L’Enfant reste près du corps du fauve et, engourdie par la rude nuit, s’assied d’abord, puis se couche contre la fourrure encore tiède où semblent persister des frémissements.

Elle est morte, la sœur sédentaire des lions nomades, celle dont la descendance résistait à la destruction systématique et à toutes les embûches humaines. Combien de fois a-t-elle bondi sur le sanglier solitaire ? Combien de fois s’est-elle laissé choir des branches d’un chêne sur les cerfs hardés ? Combien de fois a-t-elle franchi les haies de jujubier pour voler une brebis ? Elle vient de témoigner qu’elle savait se défendre, mais elle n’avait point aimé attaquer l’homme.

L’Enfant, oubliant le meurtre pour lequel elle voulut châtier, perçoit une noblesse flottant autour de ce cadavre. Et elle découvre aussi la lâcheté du geste collectif des hommes ; ils sont allés nombreux contre le fauve qui se défendit seul et que le petit taureau affrontait seul…

Elle s’allonge entre les pattes, souples et pesantes à la fois. Elle pose un doigt délicat sur les profondes entailles des couteaux. Elle appuie sa joue contre la gorge où elle croit entendre encore un formidable ronronnement. L’odeur la plus sauvage émane de ce corps au pelage merveilleux. Et l’Enfant éprouve un chagrin farouche qui s’enivre et s’exalte de cette odeur.

Elle prend entre ses bras le cou de la panthère morte et s’endort rêvant que, pardonnées toutes les deux d’une double action mauvaise, elles courent ensemble la nombreuse aventure des bois.

Les équipes des Kabyles du Djurdjura arrivaient à la saison du démasclage. C’était quand les arbres à liège doivent être dépouillés de l’écorce, choisie et mûre, ayant assez d’années d’épaisseur pour pouvoir être enlevée au chêne sans dommage et servir à l’industrie.

Ils arrivaient telle une invasion ou tel un exode de la préhistoire, issus des cavernes. Ils portaient des sandales de peau de chèvre comme les montagnards, mais l’ensemble de leur costume synthétisait l’hétéroclite rebut des souks, dépouilles européennes et indigènes, vêtements civils et militaires, réserves indéfinissables des revendeurs. Ils remplissaient la forêt de leurs gestes disparates, des échos discordants de leurs onomatopées, des glapissements et des coassements de leurs intraduisibles paroles.

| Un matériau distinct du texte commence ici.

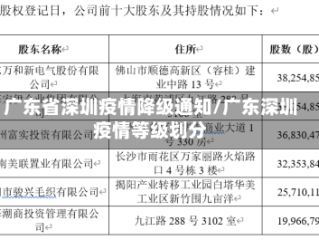 广东省深圳疫情降级通知/广东深圳疫情等级划分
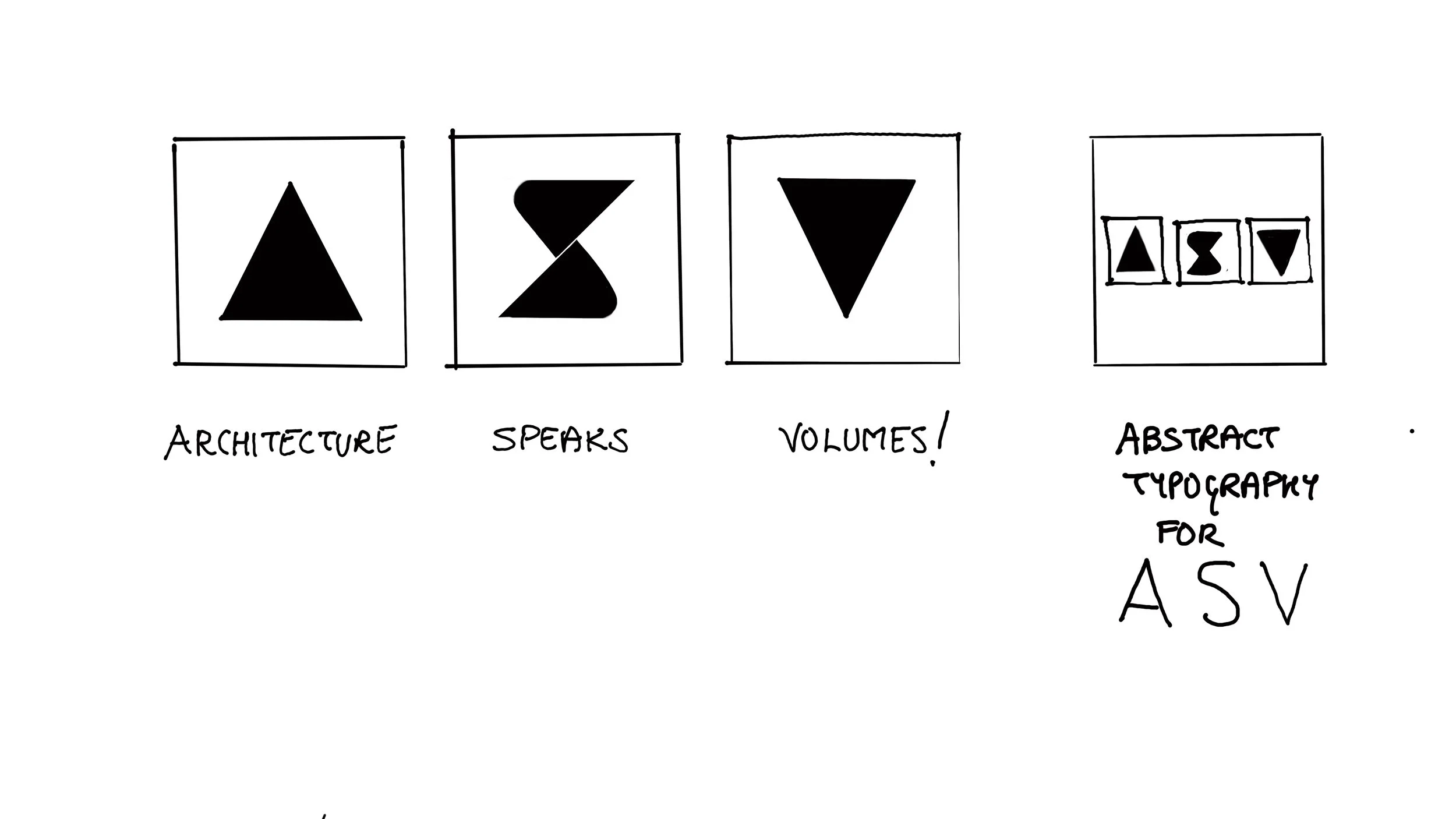 ASV LOGO - The process from idea to identity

Chaque bande possédait son contremaître, désigné par avance dans la personne de celui qui avait été l’instigateur du départ en campagne et le guide pendant le voyage. Ils s’entendaient avec le propriétaire forestier, choisissaient une sorte d’intermédiaire général entre eux et lui, et prenaient leurs chantiers dans les parties marquées pour la récolte des lièges de l’année.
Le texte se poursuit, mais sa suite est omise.